DVD REVIEW – March 8th, 2007

THIS WEEK IN DVD’S – Mar. 8th,2007

  • The Butcher BoyPerformance, The Loneliness of the Long Distance Runner, & Ginger & Fred (Warner Bros)


Warner’s new Director’s Showcase line gets off to a rollicking start with the release of four films with such eclectic pedigrees that they’re almost Criterion-worthy.  The Butcher Boy, Neil Jordan’s throbbing fever dream of a coming-of-age tale, has been long hard-to-find in America, and its release here comes as a bona-fide relief.  Sure, the commentary and other mild bonuses aren’t anything to get riled up about, but the transfer afforded the picture is exceptional, and the movie’s buzzing soundtrack pops off the DVD like caps from a toy gun.  Donald Cammell’s and Nicholas Roeg’s Performance is an equally beguiling entry here, if only for its postmodern narrative template.  This film about an East London gangster and the washed-up rock star (Mick Jagger) he ends up inspiring ain’t exactly the most rapidly-paced movie in the world, but Roeg’s deft manipulation of Jagger’s celebrity iconoclasm is near-perfect (he ended up getting an even better performance out of David Bowie in The Man Who Fell To Earth six years later: Call Roeg the George Cukor of rock stars).  Performance’s DVD ain’t all that, though — the disc sticks with the film’s original mono mix, and the only bonuses are two so-so featurettes and the film’s trailer.  Tom Courtenay’s blinding performance in The Loneliness of the Long Distance Runner, Tony Richardson’s tale of a lower-class British cross-countryman who gets slammed with circumstance on his road to athletic glory, is the film’s standout facet (as a picture, it’s only so-so: It’s on par with, say, Chariots of Fire). It doesn’t help that this is the worst-looking disc of this Director’s Showcase—and with a simple mono mix and a mere trailer as a bonus feature, Long Distance Runner pales in comparsion, especially when viewed against Ginger & Fred, Federico Fellini’s hard to find showcase for Marcello Mastrioani and Giulietta Masina and their TV-lampooning interests. Yeah, it’s a bitch to not have this disc loaded with extras (we’ve been spoiled by Criterion’s bonus-heavy Fellini releases of late), but with a stellar video transfer in tow, it’s still a marvel to soak in the picture, one of Fellini’s late, complicated, giddy masterpieces.

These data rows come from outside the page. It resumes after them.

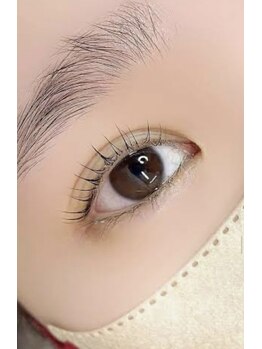 リリー(Lilly)の写真/【持続力UP◎】自まつ毛を大切にした丁寧な施術で、まつ毛の健康を守りながら美しいお目元へ♪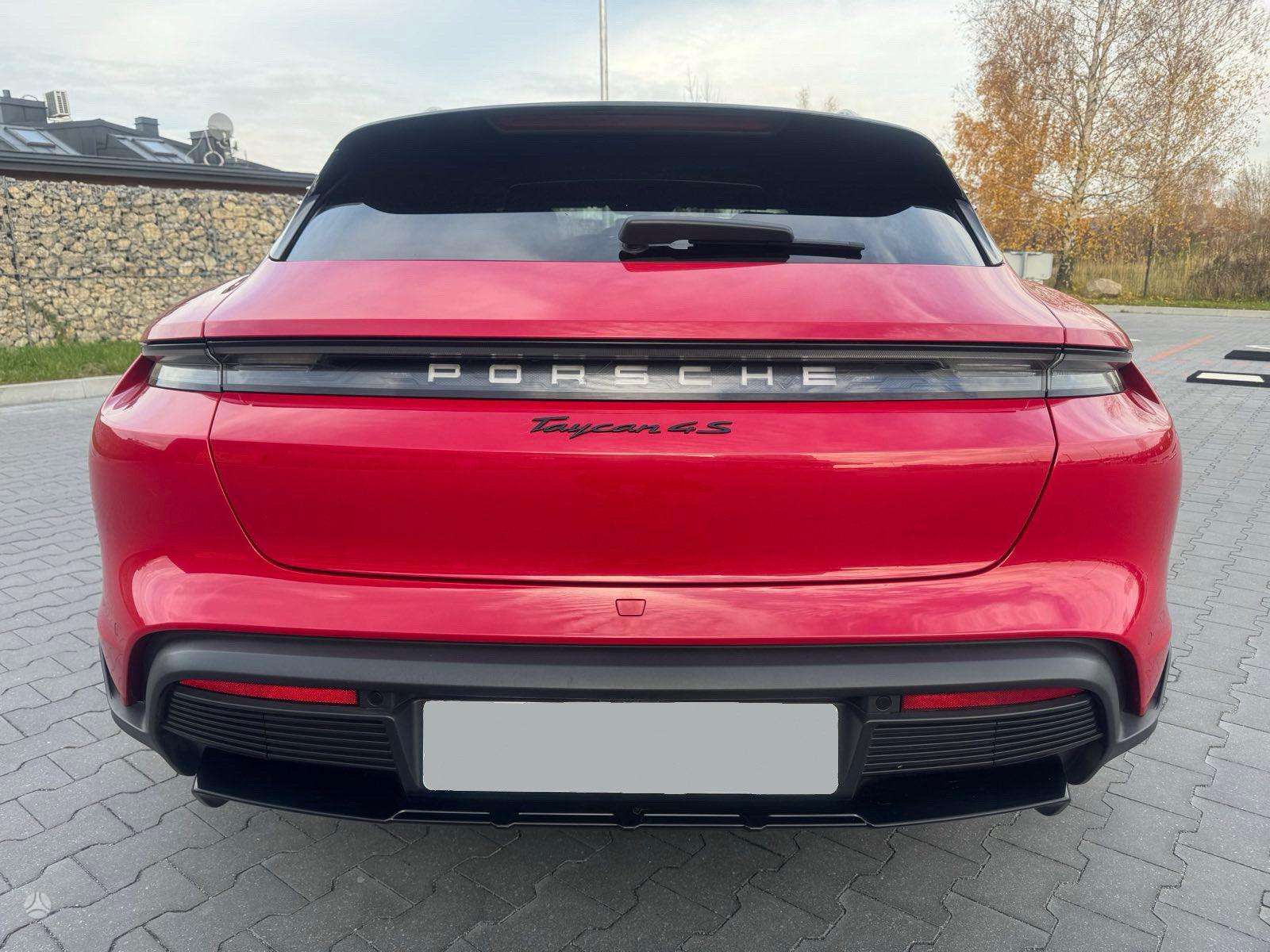 2021 Porsche Taycan photo 7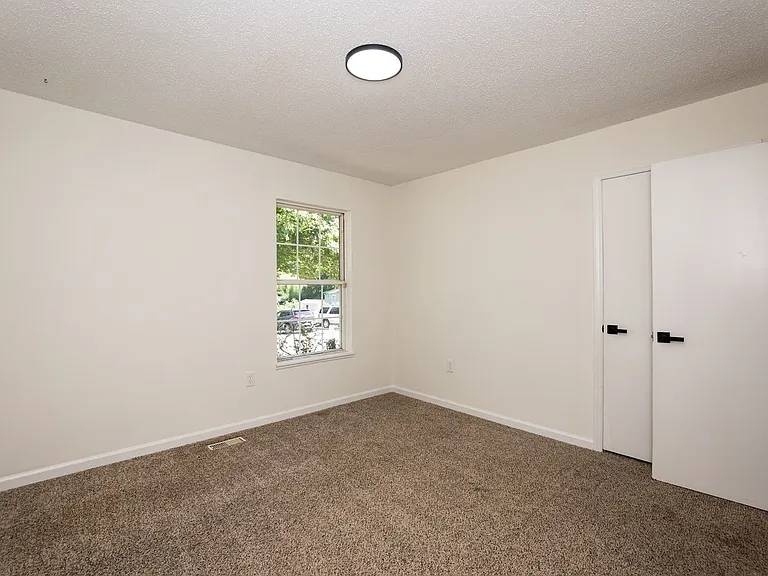 830 Oxford Ln — Photo 20
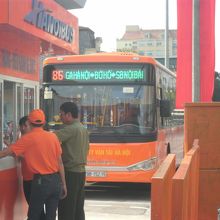 終点ハノイ駅に到着の86番バスは情報に存在しません。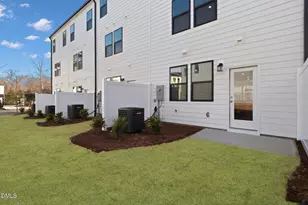 2305 Oakwood Meadows Ln, Raleigh, NC 27604 - Photo 32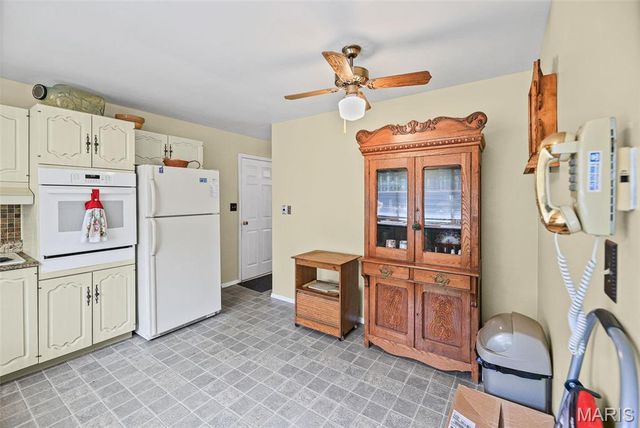 5303 River Aire Drive, Godfrey, IL 62035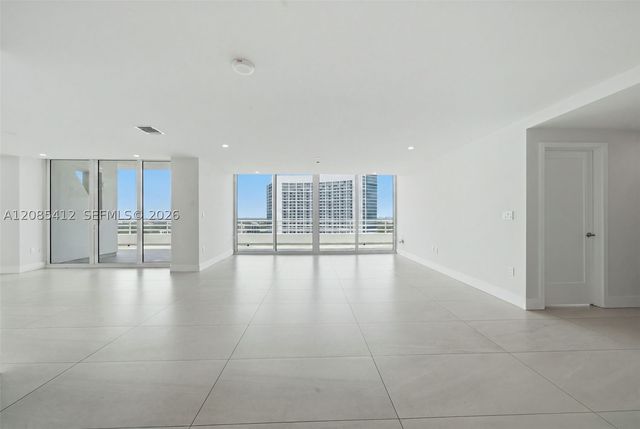 555 NE 34th St PH4, Miami, FL 33137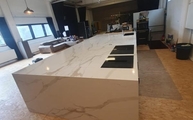 Montage der Calacatta Oro Infinity Arbeitsplatten und Seitenwangen in Düsseldorf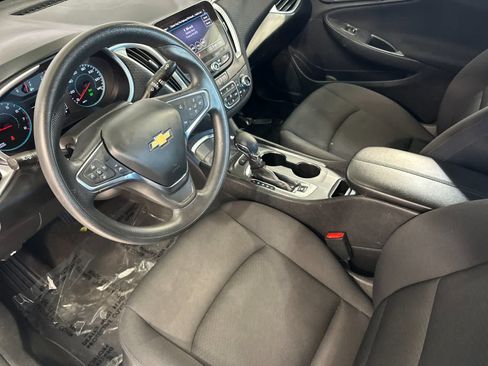 Used 2024 Chevrolet Malibu LT FWD image 12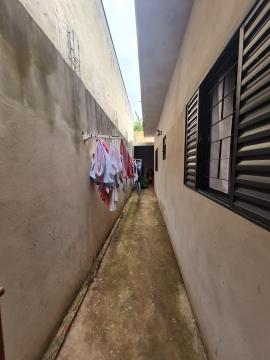 Comprar Residenciais / Casas em Santa Cruz do Rio Pardo R$ 250.000,00 - Foto 13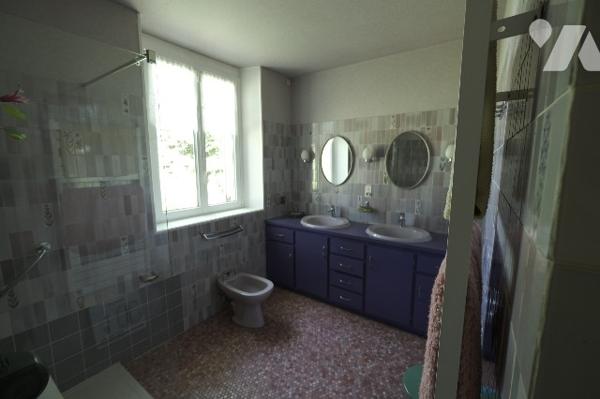Maison en pierre avec piscine, vue imprenable sur la rance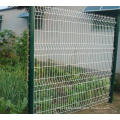 welded wire mesh fence panels in 6 gauge./black welded wire fence mesh panel/triangle bending welded wire mesh fence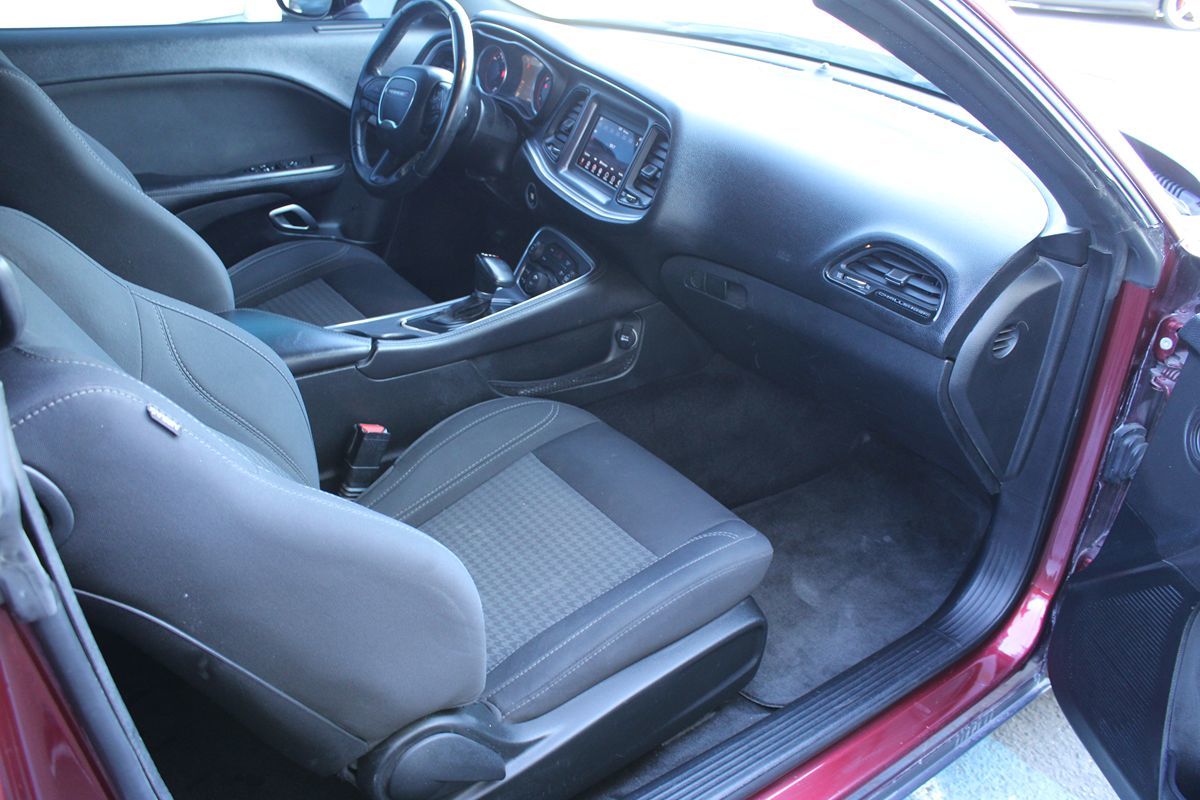 2018 Dodge Challenger SXT photo 21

  •  We Jam Econo (Plexifilm)


I sometimes feel like a douchebag waxing eloquent about documentaries just because they feature icons from my own personal Valhalla, but fuck it: Whether or not We Jam Econo (Plexifilm) is any good or not, I must say this—it’s amazing.  Mike Watt has been a Restaino hero from my music-boon college days, and just because We Jam Econo features the San Pedro bassist talking about his involvement with the Minutemen and the indie music scene that ended up revolving around that band’s irreplaceable (and loud) vortex makes it a de facto classic in my book.  And the folks who offer their views on D. Boon and Watt’s influence on a generation of noise-hummers is outstanding (if anyone out-icons Mike Watt to me, it’s Thurston Moore, and he uses the term “prog-jazz” here, and it nearly made me fall to my knees). And this double-disc DVD is the real deal.  Plexifilm has split it up into two discs—the first features the movie and a handful of bonuses; the second showcases a ton of hard-to-find concert footage—and the package is an absolute punk-sweat fever dream heaven.  Suck on it and revel in the tinnitus.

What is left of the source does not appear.